KernelChaos Experiment
This document describes how to create KernelChaos experiments in Chaos Mesh.
Although KernelChaos targets a certain pod, the performance of other pods are also impacted depending on the specific callchain and frequency. It is because all pods of the same host share the same kernel.
Warning:
This feature is disabled by default. Do not use it in production environment.
Prerequisites
- Linux kernel: version >= 4.18
- CONFIG_BPF_KPROBE_OVERRIDE enabled
bpfki.create = true
in values.yaml
Configuration file
Below is a sample KernelChaos configuration file:
apiVersion: chaos-mesh.org/v1alpha1
kind: KernelChaos
metadata:
name: kernel-chaos-example
namespace: chaos-testing
spec:
mode: one
selector:
namespaces:
- chaos-mount
failKernRequest:
callchain:
- funcname: '__x64_sys_mount'
failtype: 0
For more sample files, see examples. You can edit them as needed.
Description:
mode defines the mode to select pods.
selector specifies the target pods for chaos injection. For more details, see Define the Scope of Chaos Experiment.
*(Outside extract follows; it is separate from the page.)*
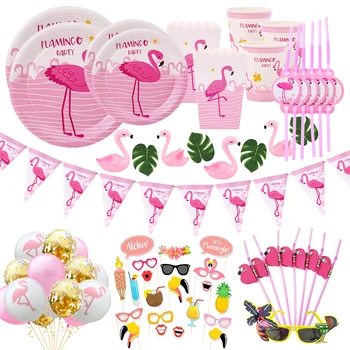 Flamingo Decoração De Festa Havaiana Safari Na Selva Decoração Para Uma Festa Talheres Descartáveis Chuveiro De Bebê Aniversário Casamento Festas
failkernRequest defines the specified injection mode (kmalloc, bio, etc.) with a call chain and an optional set of predicates. The fields are:
failtype indicates what to fail, can be set to
0
/1
/2
.- If
0
, indicates slab to fail (should_failslab) - If
1
, indicates alloc_page to fail (should_fail_alloc_page) - If
2
, indicates bio to fail (should_fail_bio)
For more information, see fault-injection and inject_example.
- If
callchain indicates a special call chain, such as:
ext4_mount
-> mount_subtree
-> ...
-> should_failslab
With an optional set of predicates and an optional set of parameters, which used with predicates. See [call chain and predicate examples](https://github.com/chaos-mesh/bpfki/tree/develop/examples) to learn more. If there is no special call chain, just keep `callchain` empty, which means it will fail at any call chain with slab alloc (eg: kmalloc).
The challchain's type is an array of frames, the frame has three fields:
- **funcname** can be find from kernel source or `/proc/kallsyms`, such as `ext4_mount`.
- **parameters** is used with predicate, for example, if you want to inject slab error in `d_alloc_parallel(struct dentry *parent, const struct qstr *name)` with a special name `bananas`, you need to set it to `struct dentry *parent, const struct qstr *name`otherwise omit it.
- **predicate** accesses the arguments of this frame, example with parameters's, you can set it to `STRNCMP(name->name, "bananas", 8)` to make inject only with it, or omit it to inject for all d\_alloc\_parallel call chain.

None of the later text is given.